Rate Markets
Tariff Escalation Triggers Treasury Surge, Dragging Mortgage Rates Down to Open the Week
Investor flight to safety over the weekend sent the 10-year Treasury yield sharply lower, opening near 4.01% Monday — down 37 basis points from last week's highs. That bond rally is pulling conventional mortgage rates in kind, with the 30-yr fixed tracking around 6.34% this morning, roughly 12bps below last week's Freddie Mac PMMS. For brokers, the opportunity is real, but four major data releases this week mean the window could close quickly. Volatility is the defining story right now.
Inflation Watch
Friday's CPI Print Is the Most Consequential Rate Catalyst of the Quarter — and the First to Reflect Tariff Pricing
March CPI drops Friday, April 10, at 8:30 a.m.
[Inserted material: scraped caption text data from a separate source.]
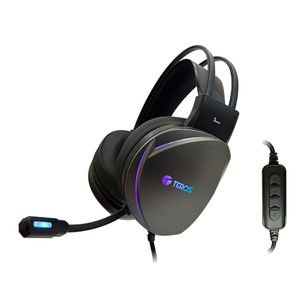 Auriculares Gamer Teros Te-8170n 7.1 Con Micrófono Usb Rgb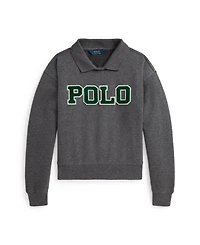Polo Ralph Lauren Big Girls Logo Fleece Sweatshirt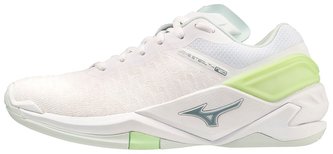 Mizuno WAVE STEALTH NEO / Whte/GRidge/PatinaGreen Velikost boty: 38.0/5.0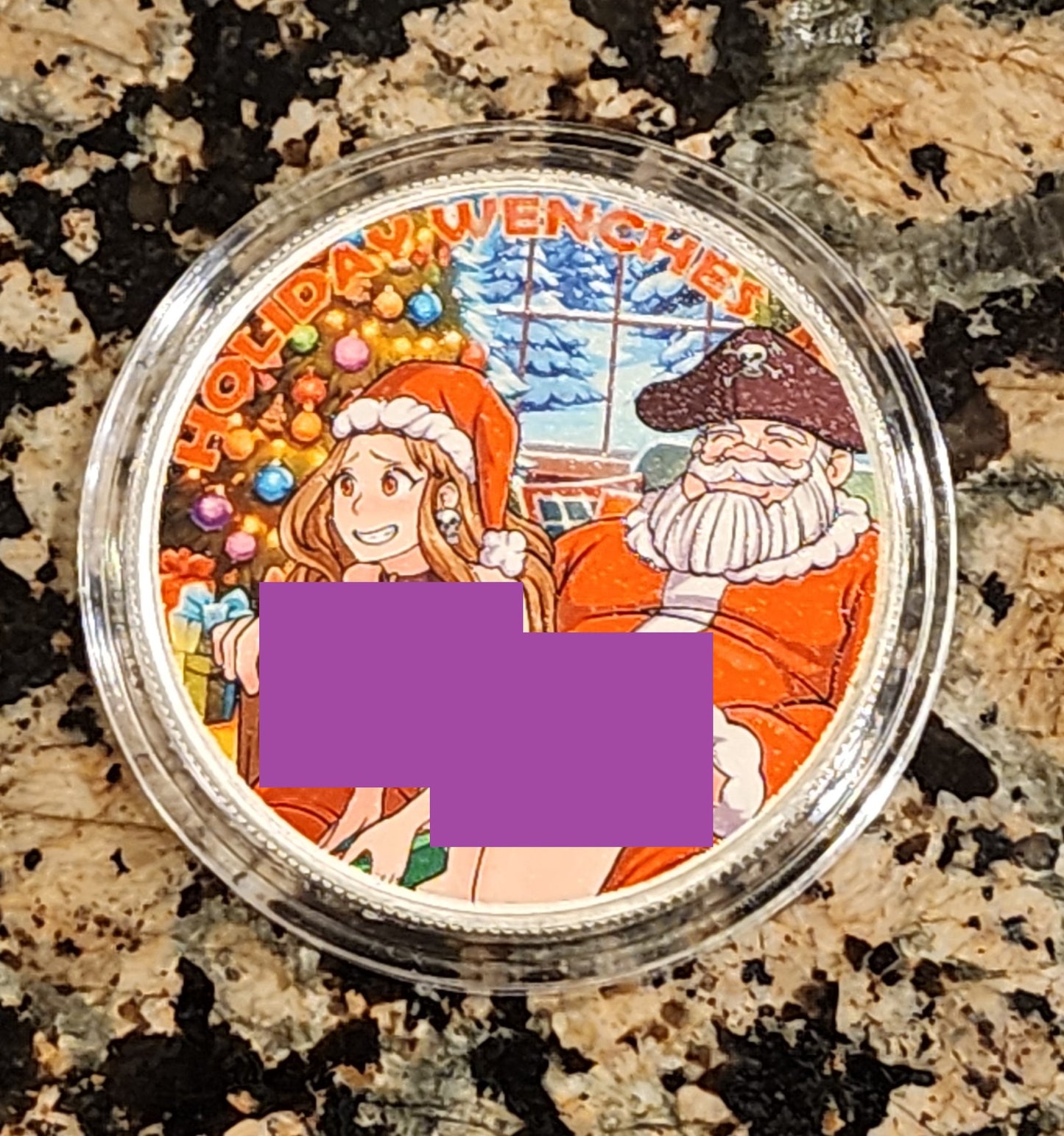 Locker Holiday Wench Santa Sexy Silver .999 1 Oz Round 350 Minted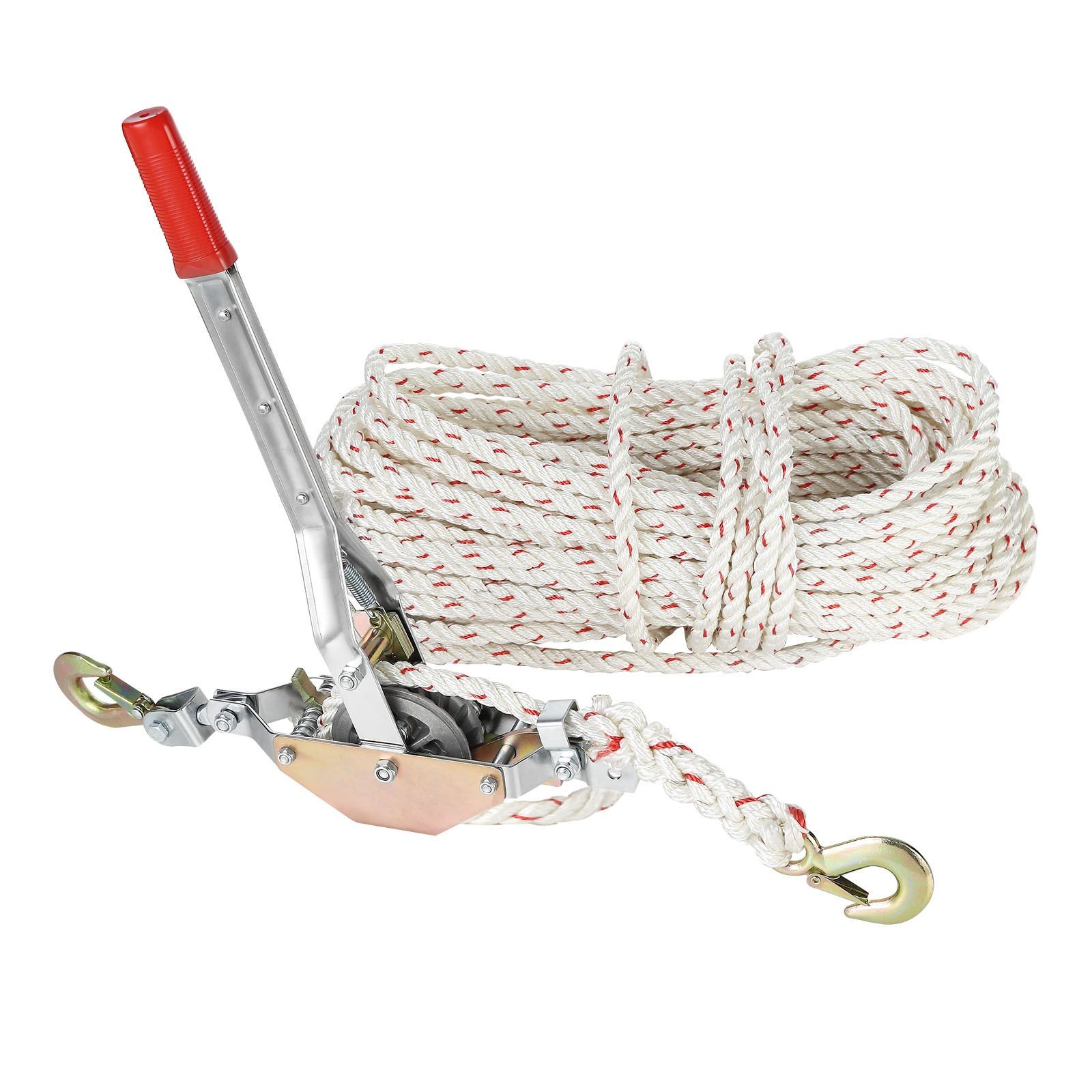 Rope Puller, 3/ 4 Ton (1, 653 lbs) Pulling Capacity, with 100′ of 0.6″ dia. Rope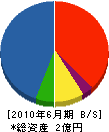 笹沼建設 貸借対照表 2010年6月期
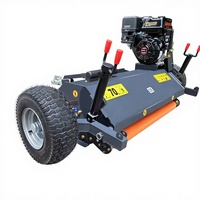 Tondeuse à fléaux tractable JV 120 JV 150 adaptée aux pièces détachées Loncin ATV, les roues latérales et arrière sont réglables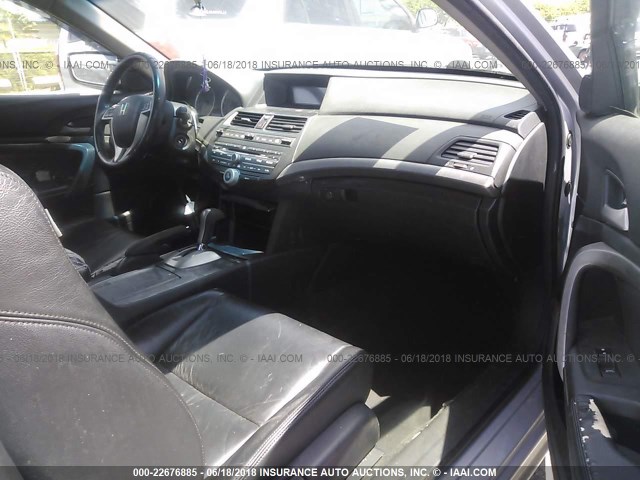 1HGCS12829A004981 - 2009 HONDA ACCORD EXL SILVER photo 5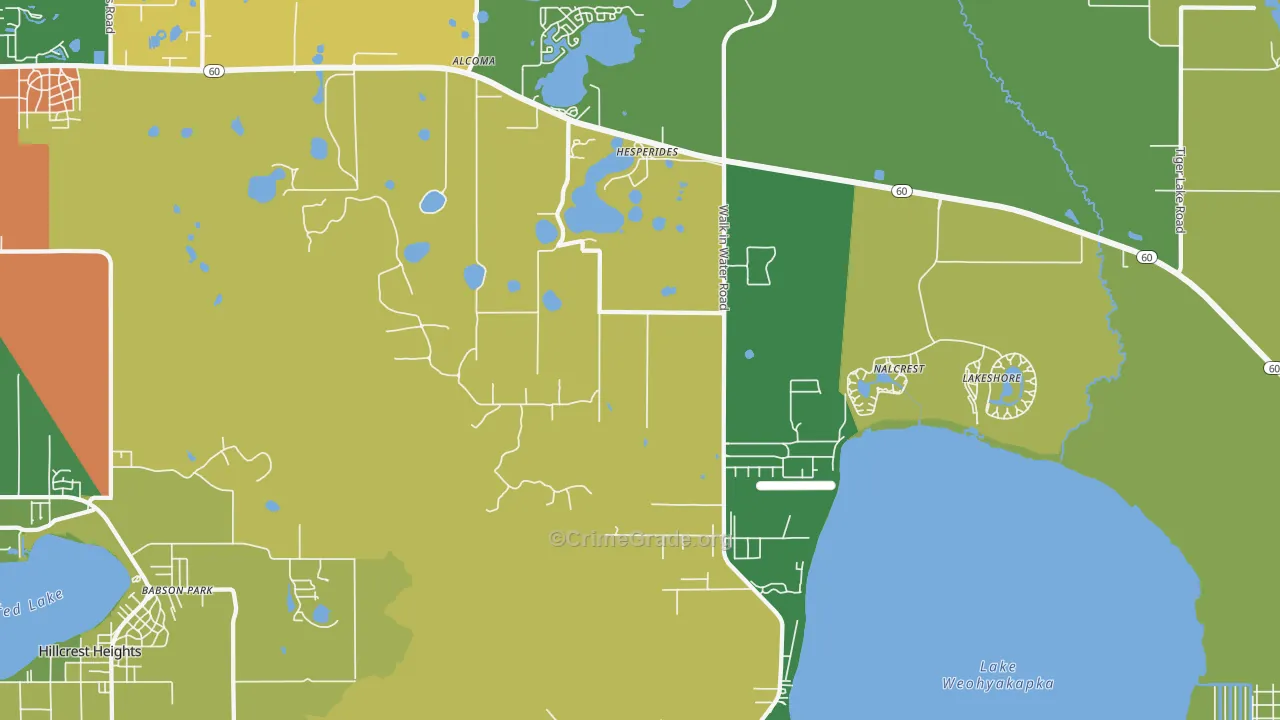 Nalcrest, FL Map of Drug-Related Crime Rates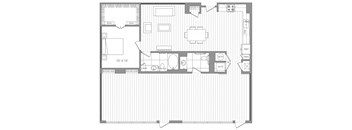 LW5 Live Work Floor Plan at Platt Park by Windsor, Denver, CO
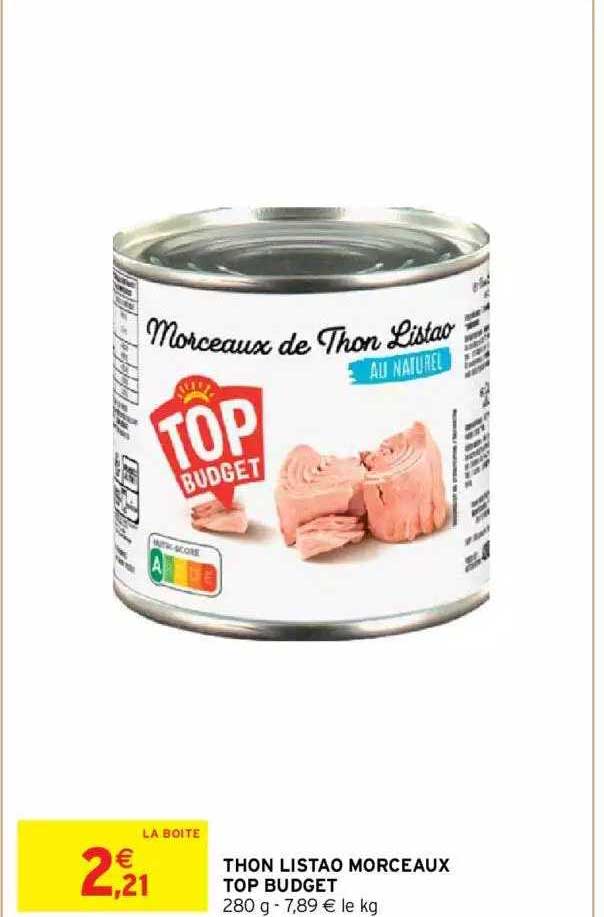 Thon Listao Morceaux Top Budget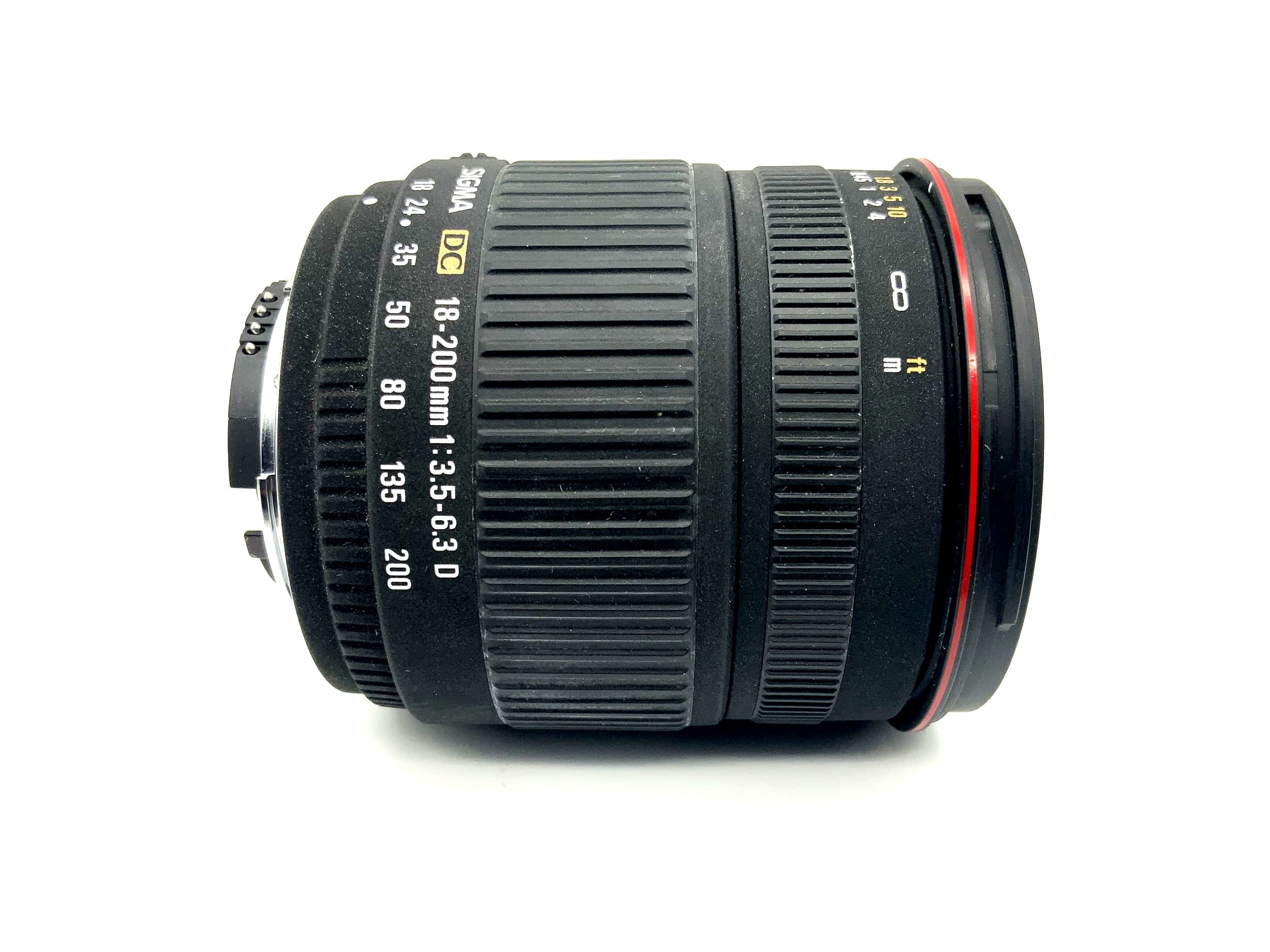 Sigma 18-200mm 1:3.5-6.3 D Lens Sigma Zoom DC Lens (Nikon AF)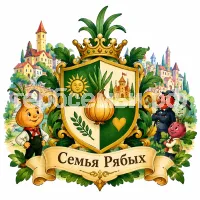 Гербы семьи Создать герб на красивом фоне итальянской сказки Джанни Родари Чиполлино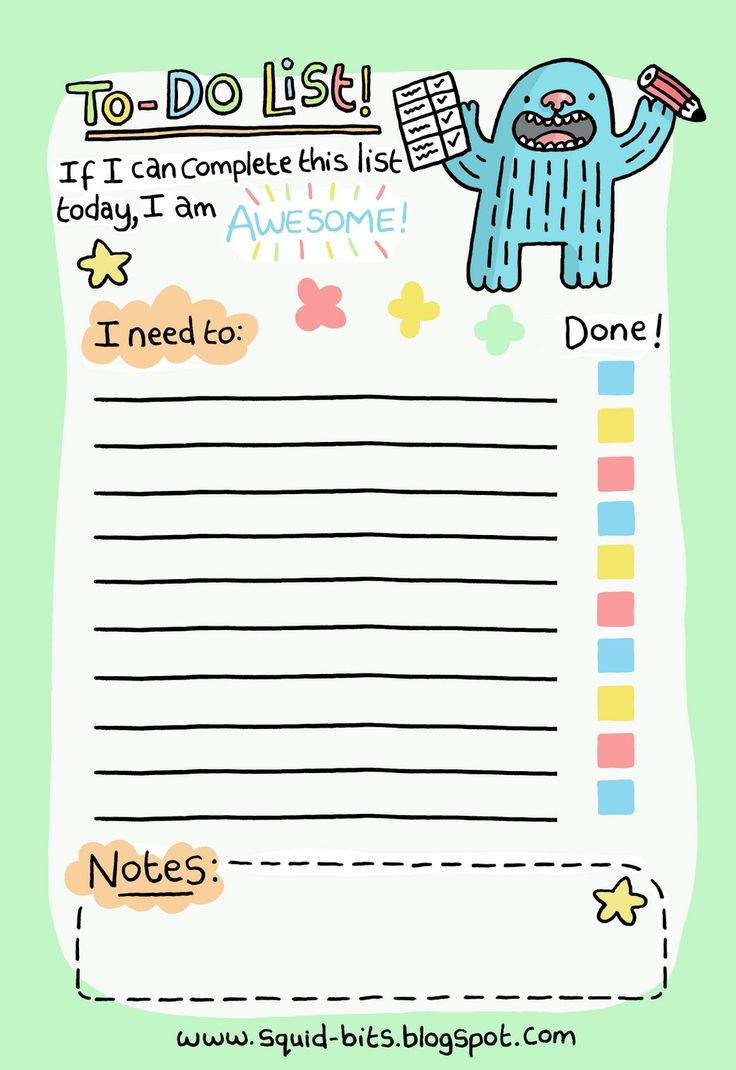 To-Do List! | To Do Lists Printable, To Do List, Good Notes regarding Free Printable Kids To Do List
ET, and it's the first major inflation reading to capture tariff-driven price pressures working through consumer goods. Consensus expects CPI at approximately 2.6% year-over-year with a modest +0.1% month-over-month headline gain. A core reading above 0.3% MoM would force markets to reprice Fed rate cut expectations and likely erase this morning's rate improvement. Brokers should strongly consider advising clients against floating into Friday without a clear reason to do so.
Fed Watch
FOMC Minutes Wednesday Give Markets the First Real Window Into How the Fed Is Weighing Tariff-Driven Inflation
The Federal Reserve releases minutes from its March 18-19 meeting on Wednesday, April 8. Markets will parse the document for any signal of how committee members are balancing tariff-driven inflation risk against slowing growth. If the minutes reveal a hawkish lean, or signal the Fed is prepared to hold rates longer even if growth softens, Treasury yields could reverse course mid-week. Rate lock decisions ahead of Wednesday carry meaningful gap risk, and brokers with pipeline ready to close should have that timing conversation with clients today.
Housing Supply
Builders Are Absorbing $17,500 per Home in Tariff-Driven Material Costs — and Cutting Back on Starts
Analysis from the Center for American Progress estimates that tariffs on lumber, copper, steel, and cabinets are adding an average of $17,500 in construction costs per new home. At current building rates, that translates to roughly $27 billion in additional annual industry costs. Builders are responding by pulling back on new starts, further constraining an already tight supply picture heading into spring. For brokers in markets with low resale inventory, the new construction story is getting worse, not better — and that affordability squeeze creates a direct use case for creative financing structures including Non-QM.